Xiao Hua is home at last

When one of our volunteer vet nurses, the lovely Anne Letham-White, returned to her native New Zealand, she took with her much more than her amazing memories of her time with us in Chengdu. I asked Anne if she would write down her story of Xiao Hua (Litle Flower) so I could share it with you. So here, in Anne’s own words: 

I first met Xiao Hua in November 2007 when I spent three months working as a volunteer at the Moon Bear Rescue Centre near Chengdu.

She was one of a number of local dogs who lived in houses near the centre and she spent most of her time tied up at the back of her owner’s house in a little corrugated iron shelter with no bedding, no sun and no attention.

As my three months at the rescue centre flew by, I walked and fed Xiao Hua most days and got to know her well. Much as I tried not to, I fell irrevocably in love with her and started plotting ways to get her back to New Zealand.

I investigated the options (quarantine in Hong Kong) and costs (huge) and on the 18th of December 2007, just when I had decided it could be done, disaster struck! As happens with so many lovely dogs and cats in China, she went missing.

We hunted high and low for her for two weeks and on January the 3rd 2008 I flew home to New Zealand fearing the worst.

Fortunately Xiao Hua had other ideas!

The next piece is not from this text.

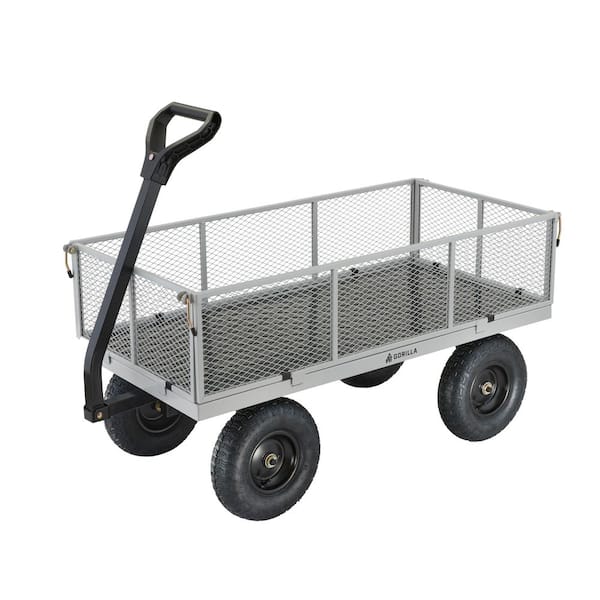 6 cu. ft. Steel Garden Cart, 13 in. Pneumatic Tires, 2-in-1 Pull or Tow Handle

Lo and behold after being missing for six weeks, she turned up in late January, very thin, very scared and dejected – but alive! 

I got an excited phone call from Nic and the team in China and, over the moon that she was safe, immediately started arranging her trip to quarantine in Hong Kong.

She was lovingly restored to health by Animals Asia’s vet team and in March 2008 she began her long journey to New Zealand via Hong Kong.

To cut a long story short, the required six-month quarantine period turned into 10 long months due to her testing positive for a couple of parasites – heartworm and babesia.

After a few anxious moments and false starts, she was successfully treated for the heartworm and was retested for babesia with the required negative result. 

On the 29th of January this year, Xiao Hua was finally on her way and after another 30 days’ quarantine in Christchurch, we drove up and picked up our new family member on the 28th of February.

We have had her six weeks now and although she is still a shy dog, she is slowly coming out of her nervous shell and her real personality is starting to emerge.

She loves riding in the car, loves running off-leash (and comes back!), loves the beach and most of all loves cuddles, food and her new bean bag! 

She fits in with our other dogs better than we could ever have hoped and we look forward to a long and happy life for her as the latest canine member of our family.

When I was in my teens, I started a life-long love affair with the James Herriot books and in one of those books is a wonderful character called Mrs Donovan. She rescued a neglected dog called Roy, and as James Herriot says:

‘Mrs Donovan too had her reward; she had a faithful companion by her side every hour of the day and night. But there was more to it than that; she has always had the compulsion to help and heal animals and the salvation of Roy was the high point of her life… a blazing triumph which never dimmed’.